▶ _Task objective_: Copy each line below exactly and leave the pictures out.

▶ _The data_:

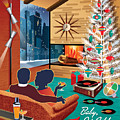 Mid Century Couple Christmas illustration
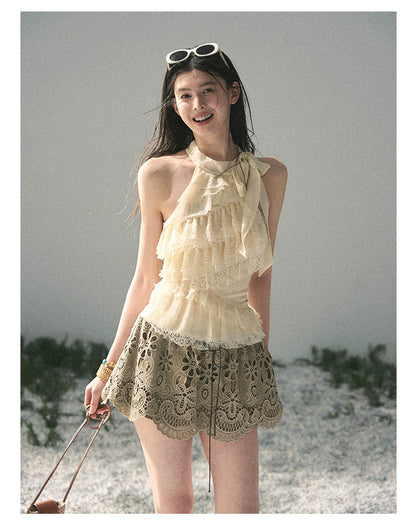 “Spring Traces in Tulle” Pale Butter Lace Halter Top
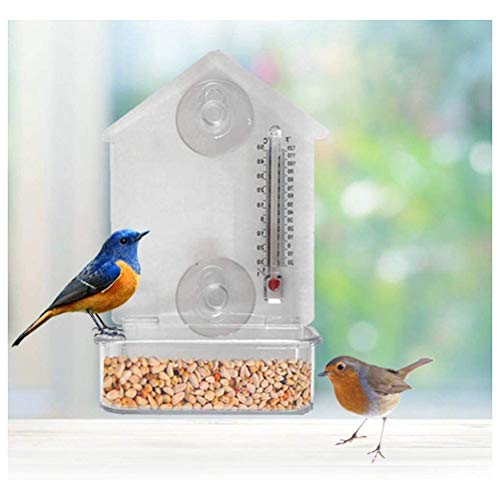 Comedero para PáJaros, Jaula Transparente para AlimentacióN De PáJaros con Ventosas Fuertes Soporte Comedero Birdhouse Alimentador Cerca Caja De Alimentos para AlimentacióN En Jardines Al Aire Libre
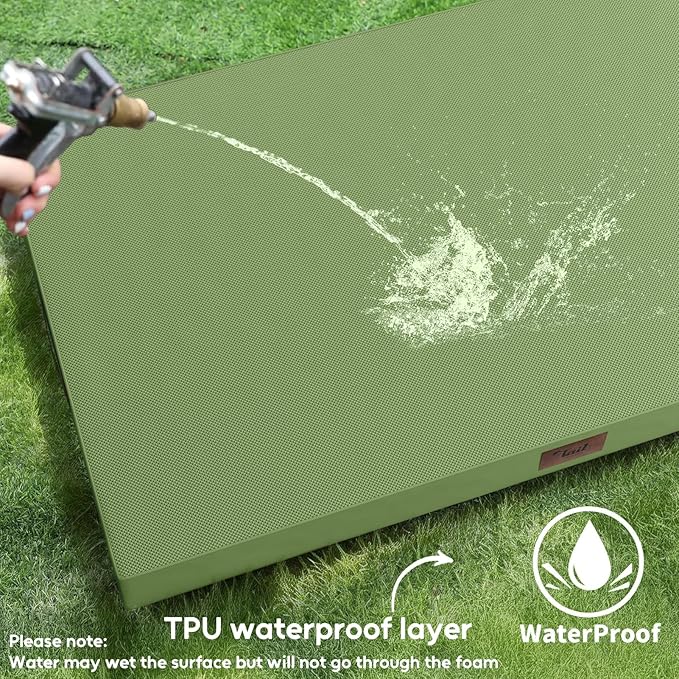 Tail Stories Outdoor Orthopedic Dog Bed for Extra Large Dogs, XL Waterproof Flat Pet Bed 44x32 Inch, Egg Crate Foam with Removable Washable Oxford Cooling Cover, Light Green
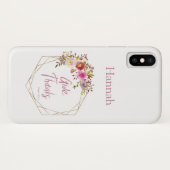 Geef dank Roze Paarse Bloemen Waterverf Case-Mate iPhone Case (Achterkant (horizontaal))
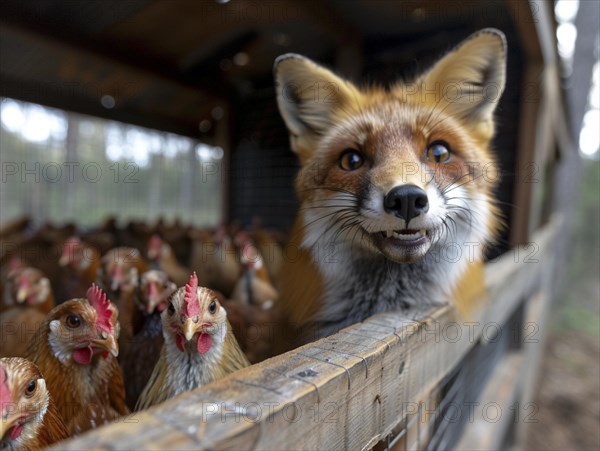Fox sticks his head into a chicken coop with lots of chickens in the background, AI generated, AI generated
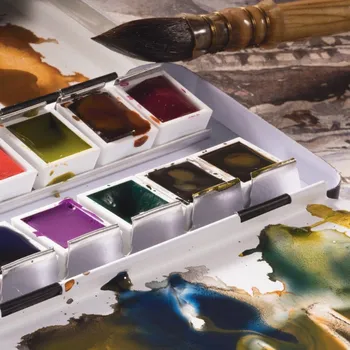 Speciální výtvarná barva Mistrovská akvarelová barva Rembrandt, půlpánvička, 535 - Cerulean Blue PH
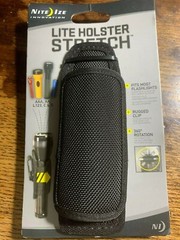 Nite-Ize Lite Holster Stretch Black Universal Flashlight Holder w/Belt Clip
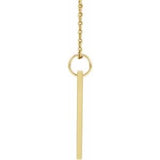 18K Yellow Gold-Plated Sterling Silver .03 CT Natural Diamond Engravable Bar 16-18" Necklace
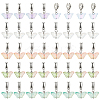 40Pcs 5 Colors Glass Pendants PALLOY-PH01816-1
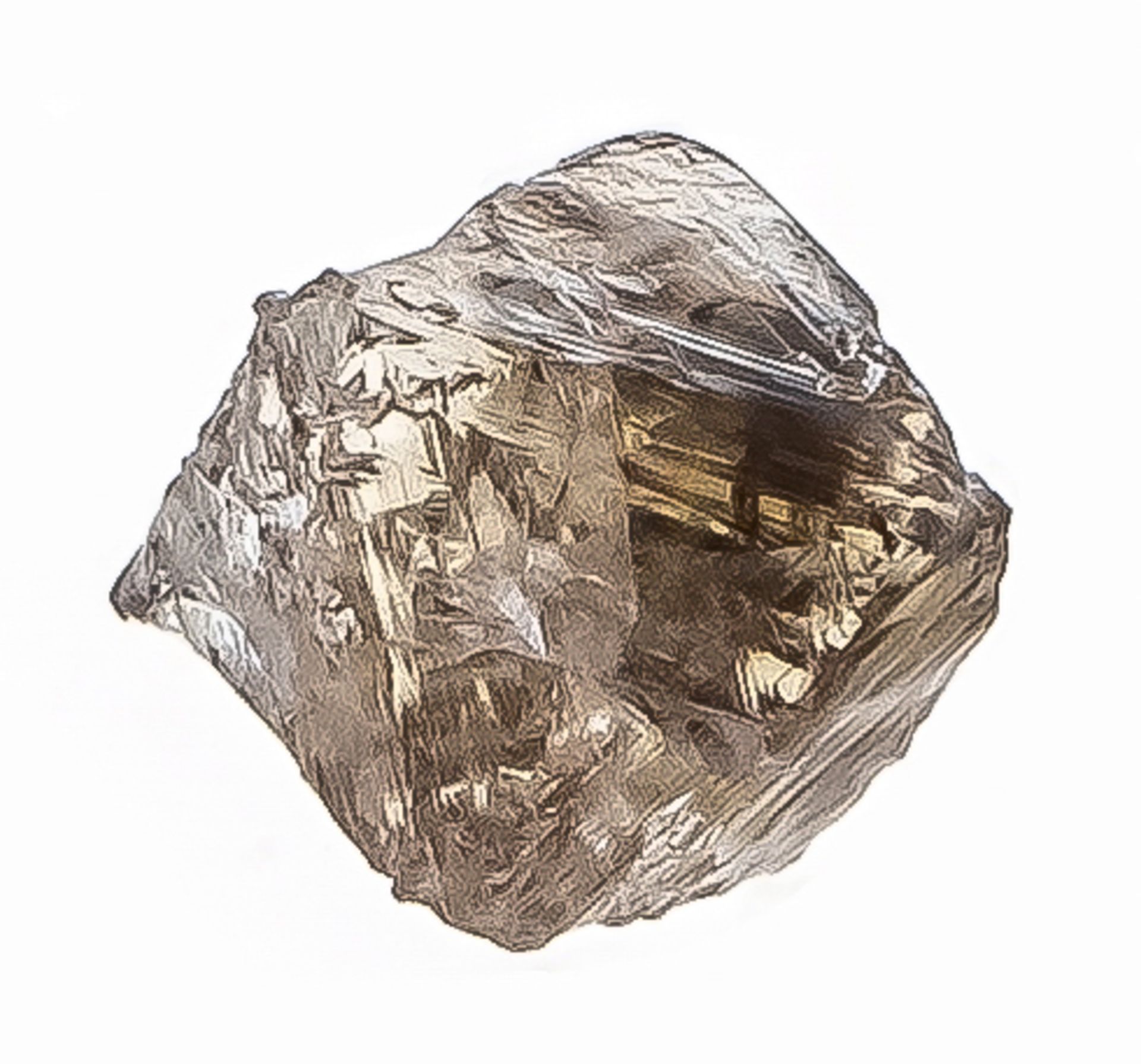 5-piece diamond set of 3 small brilliants, total 0.03 ct W-tonedW/SI and 2 rough diamonds 3.4 - 3. - Image 4 of 5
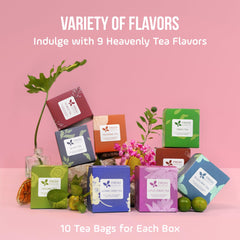 FreshDrinkUS green tea and herbal blends assortment on display.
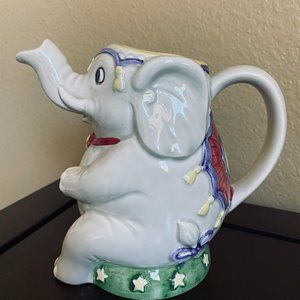 Vintage Otagiri Hand Painted Mary Ann Baker Elephant Tunk Up Pitcher Creamer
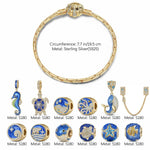 Sterling Silver Oceanic Depths Beauty Charms Bracelet Set With Enamel In 14K Gold Plated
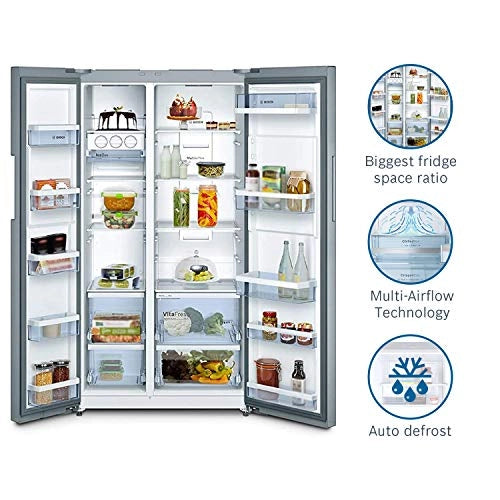 Bosch 661 L Frost Free Side-by-Side Refrigerator(KAN92VI35I, Stainless Steel, Inverter Compressor)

▶ _Exercise result_:
 Mid Century Couple Christmas illustration
 “Spring Traces in Tulle” Pale Butter Lace Halter Top
 Comedero para PáJaros, Jaula Transparente para AlimentacióN De PáJaros con Ventosas Fuertes Soporte Comedero Birdhouse Alimentador Cerca Caja De Alimentos para AlimentacióN En Jardines Al Aire Libre
 Tail Stories Outdoor Orthopedic Dog Bed for Extra Large Dogs, XL Waterproof Flat Pet Bed 44x32 Inch, Egg Crate Foam with Removable Washable Oxford Cooling Cover, Light Green
 Geef dank Roze Paarse Bloemen Waterverf Case-Mate iPhone Case (Achterkant (horizontaal))
Fox sticks his head into a chicken coop with lots of chickens in the background, AI generated, AI generated
 Speciální výtvarná barva Mistrovská akvarelová barva Rembrandt, půlpánvička, 535 - Cerulean Blue PH
 Nite-Ize Lite Holster Stretch Black Universal Flashlight Holder w/Belt Clip
 18K Yellow Gold-Plated Sterling Silver .03 CT Natural Diamond Engravable Bar 16-18" Necklace
 40Pcs 5 Colors Glass Pendants PALLOY-PH01816-1
 5-piece diamond set of 3 small brilliants, total 0.03 ct W-tonedW/SI and 2 rough diamonds 3.4 - 3. - Image 4 of 5
 FreshDrinkUS green tea and herbal blends assortment on display.
 Vintage Otagiri Hand Painted Mary Ann Baker Elephant Tunk Up Pitcher Creamer
 Sterling Silver Oceanic Depths Beauty Charms Bracelet Set With Enamel In 14K Gold Plated
 Bosch 661 L Frost Free Side-by-Side Refrigerator(KAN92VI35I, Stainless Steel, Inverter Compressor)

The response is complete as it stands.